### [THE DATA]
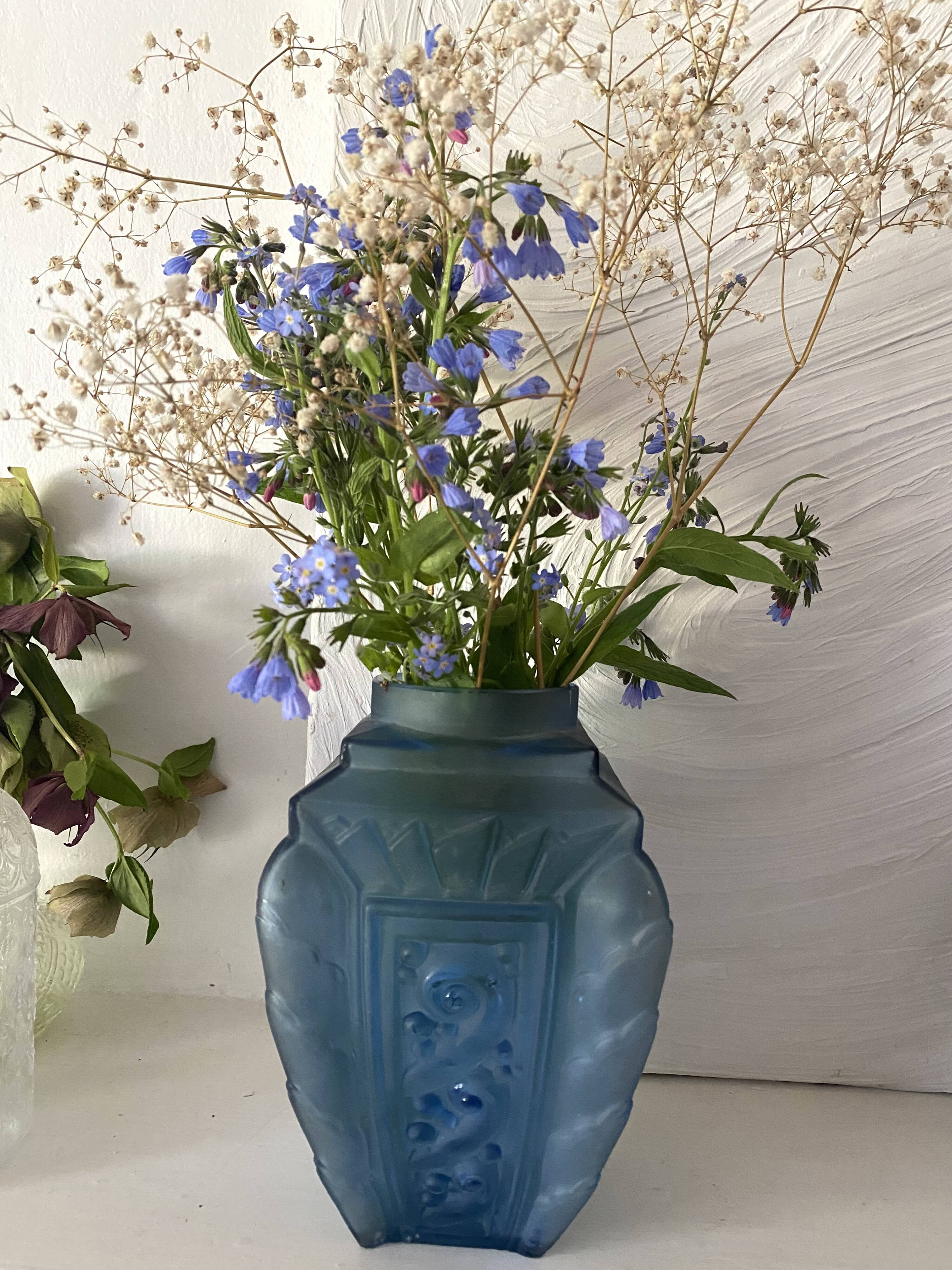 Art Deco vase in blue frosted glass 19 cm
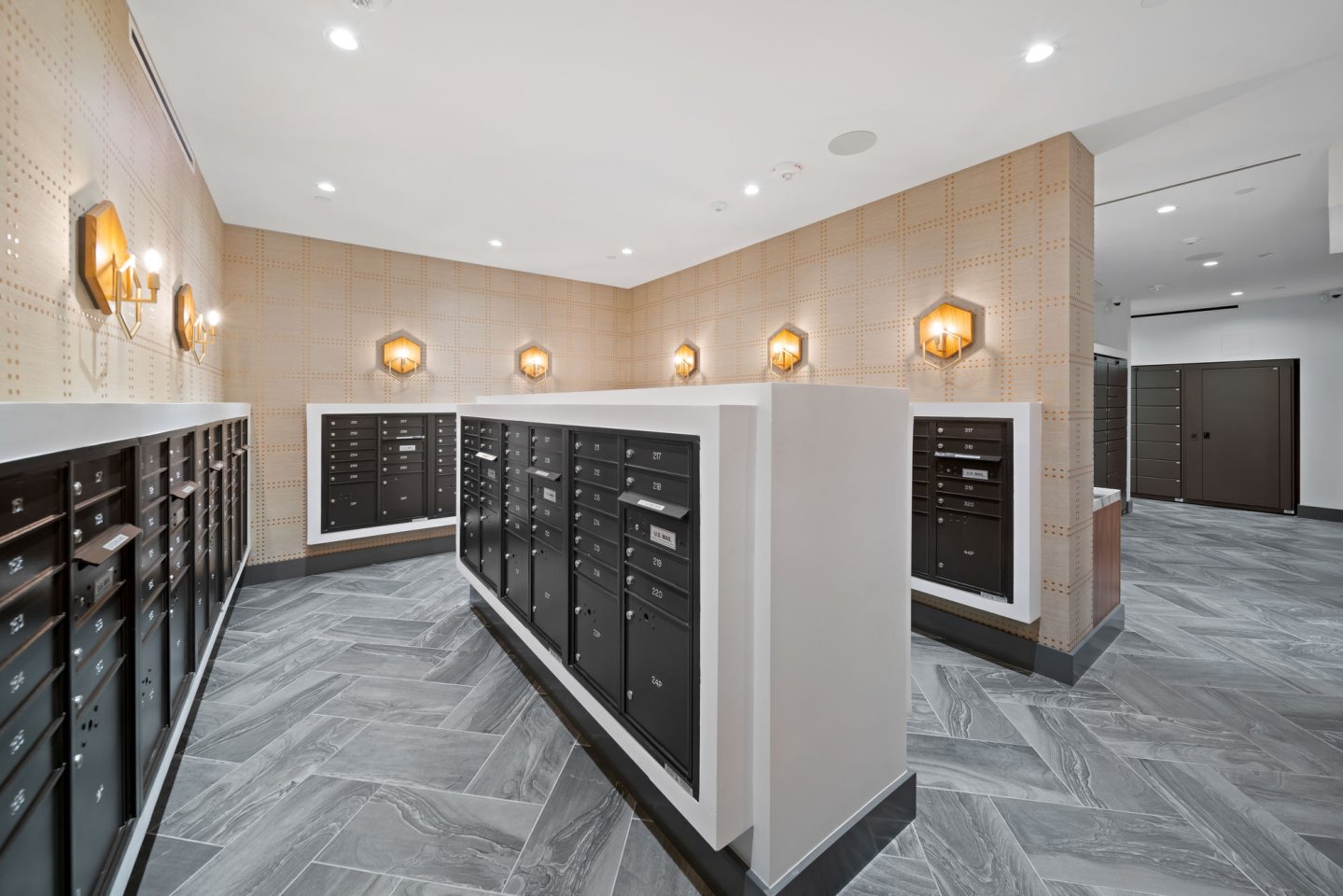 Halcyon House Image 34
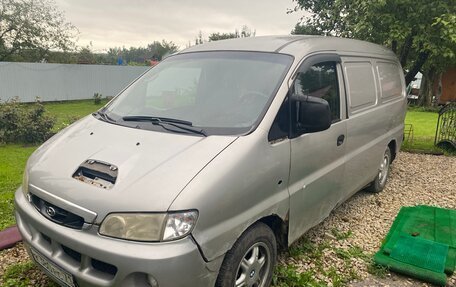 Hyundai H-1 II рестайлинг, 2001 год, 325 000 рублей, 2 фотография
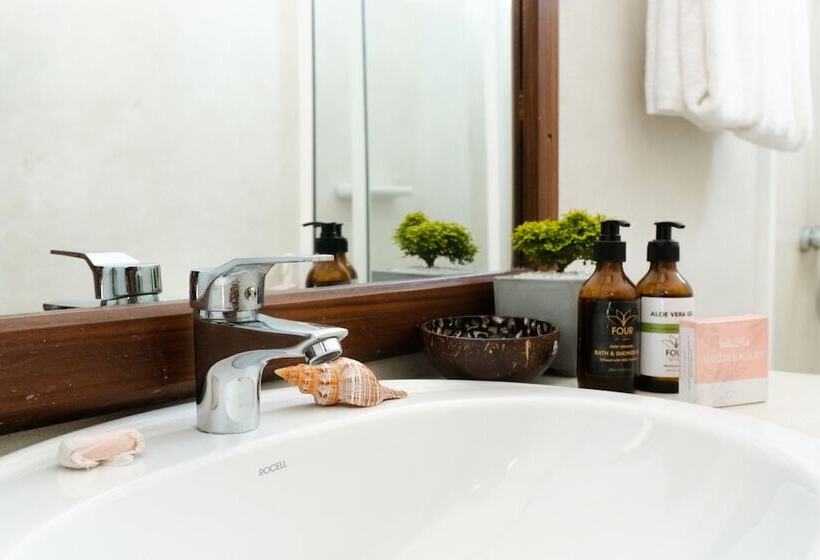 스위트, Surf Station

### [TASK OBJECTIVE]
Please print all the data above word for word. Pictures should not appear in the copy.

### [FINISHED TASK]
 Art Deco vase in blue frosted glass 19 cm
 Halcyon House Image 34
 Hyundai H-1 II рестайлинг, 2001 год, 325 000 рублей, 2 фотография
 스위트, Surf Station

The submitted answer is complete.